A quarter of the expected vouchers for the first months of the scheme have not been claimed, according to PayPoint, which handles top-up payments for about 750,000 households and shops across the UK. PayPoint said redemptions for October were running at 75%, and November redemptions were running at 63%.

There were 2.1m vouchers due to be delivered to households, according to separate government data published last month. Extrapolating the PayPoint data, this suggests 500,000 households who should have benefited from government help either did not receive or did not redeem their voucher in October, and 760,000 went without in November. In total, 1.3m vouchers worth £84m have not been claimed since the start of the scheme.

The vouchers will expire three months after they are issued, meaning October vouchers will be invalid from 3 January, while November’s expire on 5 February.

Gillian Cooper, the head of energy policy for Citizens Advice, said: We’re worried that people on prepayment meters – who are at risk of being left in cold, dark homes if they don’t top up – could be missing out on their vouchers.”

Ed Miliband, the shadow secretary of state for climate change and net zero, said the government should intervene to make sure poorer customers do not pay more for energy.

“The government has been warned time and time again that too many households on prepayment meters are not getting the energy bills support they deserve. Yet successive prime ministers have failed to tackle this issue,” he said. “With the cost of living spiralling, the government must end once and for all the unfair penalty premium on prepayment meter users, as Labour has repeatedly called for.”

Matt Copeland, the head of policy and public affairs at the charity National Energy Action (NEA), said the government had been warned that the voucher scheme was likely to result in thousands of households missing out on support. “Unfortunately we saw this coming,” he said. “We knew from past experience that this would happen. Not enough has been done to ensure we have a better outcome.”

Copeland said he believed that some people on prepayment meters may have been holding on to the vouchers until colder weather. However, he said there was low awareness of the scheme, and prepayment meter customers were more likely to be in debt to energy companies, so may well be reluctant to open letters that look like bills and were therefore missing out.

The NEA said 8.4m households could be in fuel poverty from April, when the government’s separate energy price guarantee, which caps the cost of gas and electricity, comes to an end. In his November budget, the chancellor, Jeremy Hunt, announced that the guarantee would rise from April to £3,000 a year for the typical home.

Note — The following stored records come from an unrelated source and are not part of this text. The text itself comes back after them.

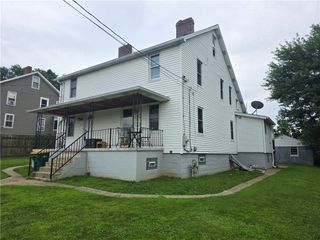 1108-1110 B St, Latrobe, PA 15650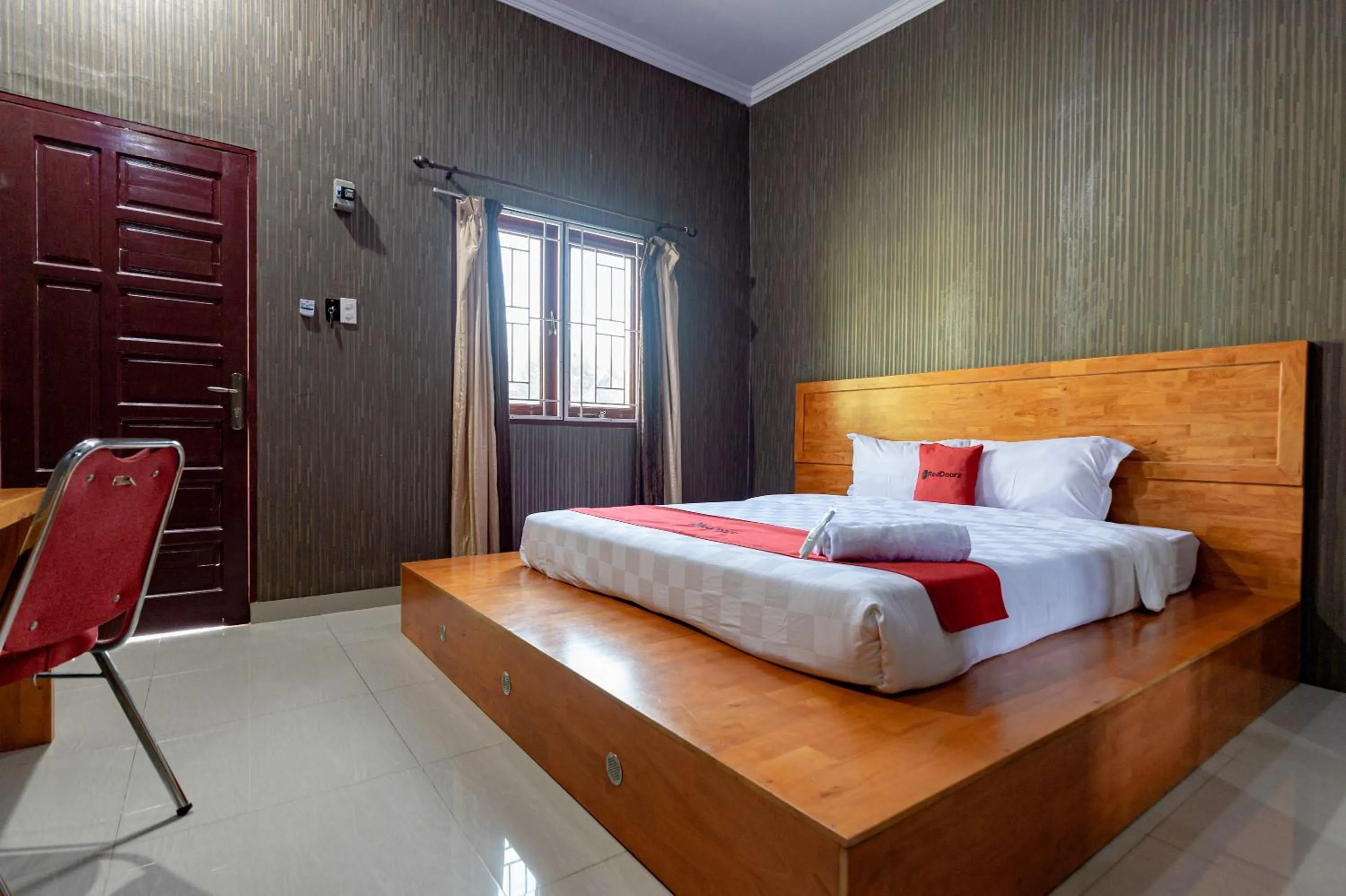 Bedroom, Bed in RedDoorz Syariah near UISU Medan
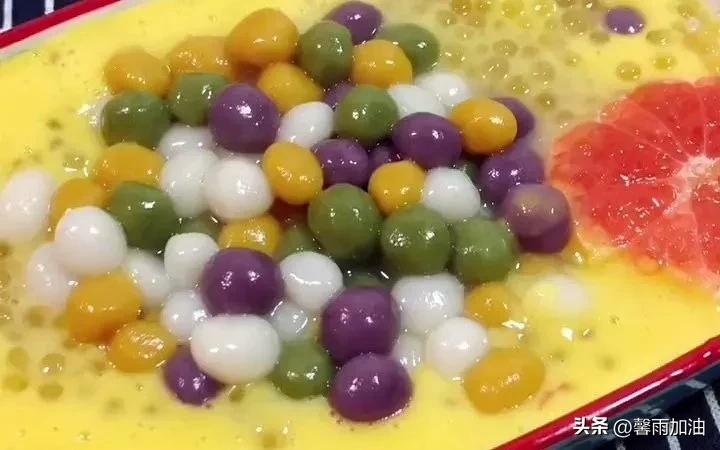 多彩生活金秋十月,多彩夏日生活英语作文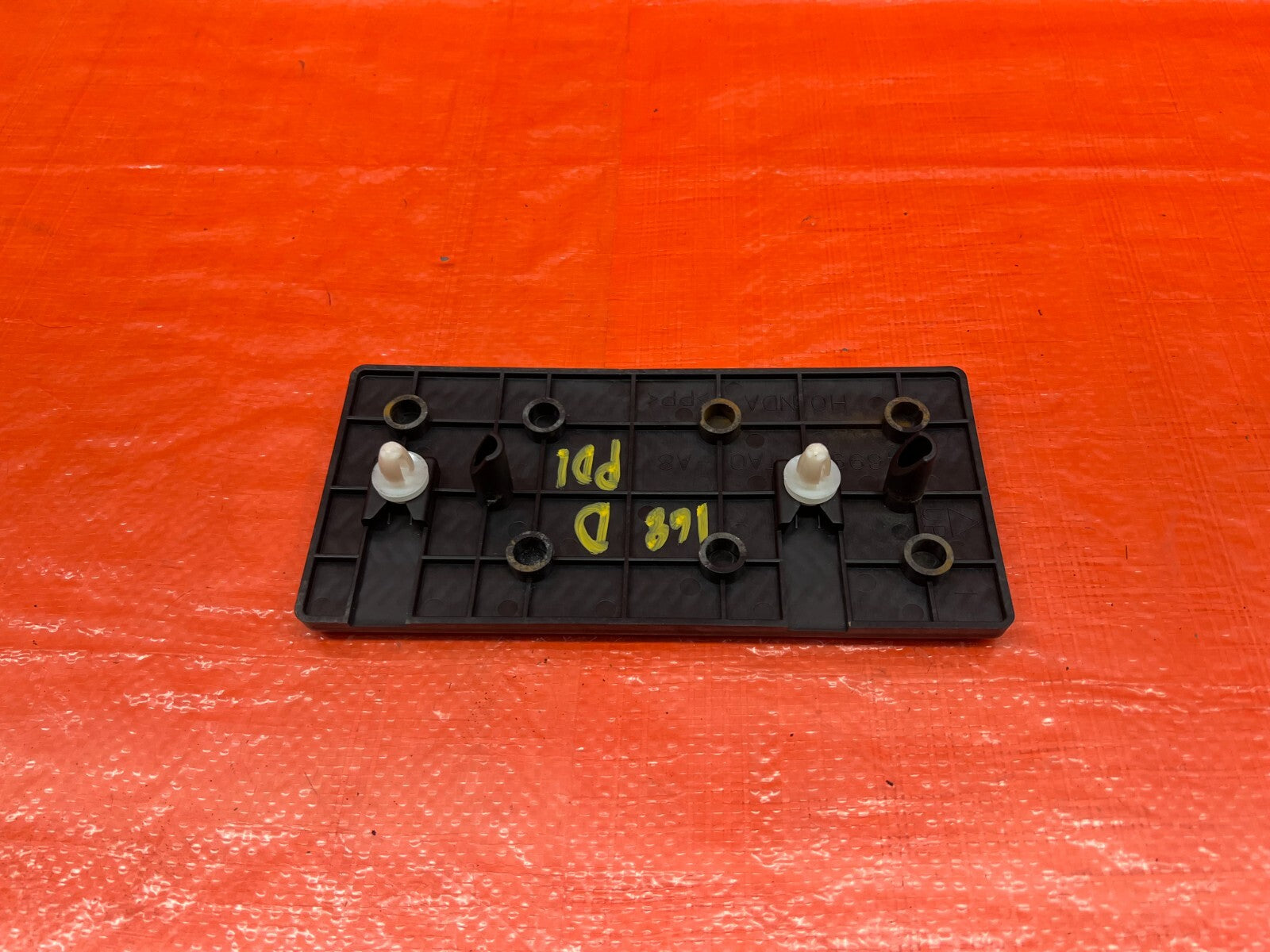 09 14 ACURA TSX   DEAD PEDAL / FOOT REST   OEM FACTORY #1686
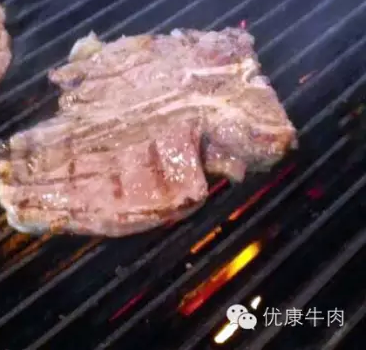 【圣诞大餐】高逼格的优康T骨牛排的做法步骤：2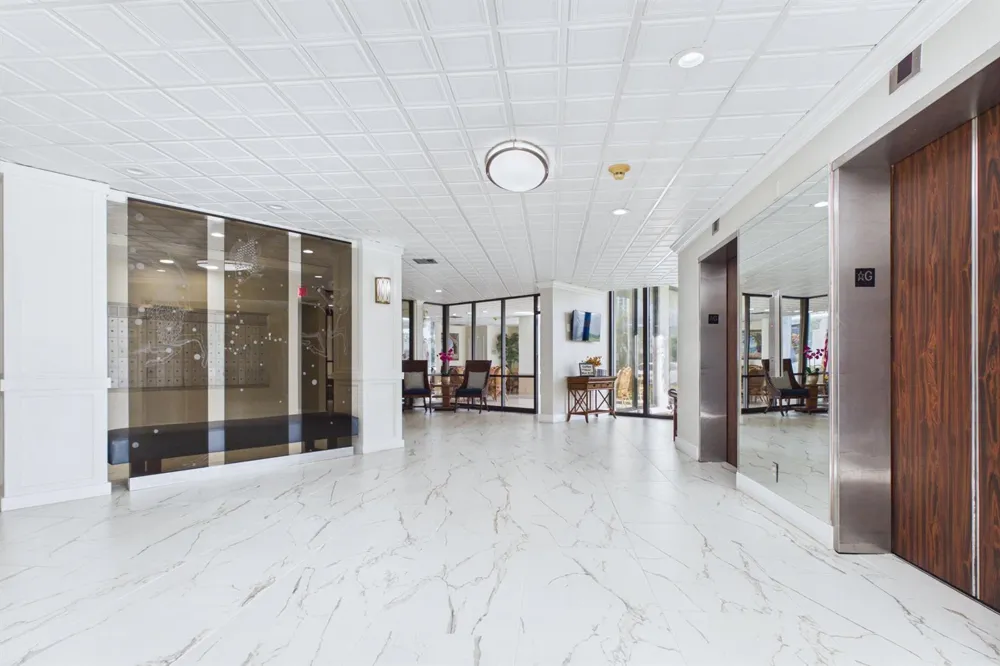 336 GOLFVIEW ROAD #1017 North Palm Beach, FL 33408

The NEA has asked the government to fund reductions to the standing charges that are applied to prepayment meters regardless of usage. Standing charges can cost about £200 per household, depending on the region.

Steve O’Neill, PayPoint’s corporate affairs and marketing director, said: “We’re still seeing a higher rate of redemptions on November vouchers than those issued in October, despite all vouchers having a three-month validity period. It is advisable that people redeem their oldest vouchers first, in order to lessen the risk of them expiring compared to newer vouchers. If anyone eligible hasn’t yet received their voucher, they should contact their energy supplier as soon as possible.”

Energy UK, the suppliers’ lobby group, advised customers with traditional prepayment meters to check registered contact details and look for any communications from suppliers. The scheme does not apply for those with internet-connected smart prepay meters.

A spokesperson for Energy UK said: “Suppliers are working hard to ensure that their vouchers are reaching customers and will make repeated attempts using the channels and contact details available to them. While there may be different reasons for why a number of vouchers haven’t been redeemed yet, we are looking to help raise awareness of the support available amongst customers by working with outlets like PayPoint and Post Office and consumer groups like Citizens Advice.”

A spokesperson for the business department said: “All energy bills support scheme vouchers for October and November should have been dispatched by suppliers. If customers have not received them, or are having difficulties in redeeming them, they should contact their supplier.

“Suppliers must ensure vouchers reach customers by the 11th working day of the month, and they’re working with Post Office and PayPoint to mitigate postal strikes. Customers can also speak to their supplier if they need a voucher to be reissued.”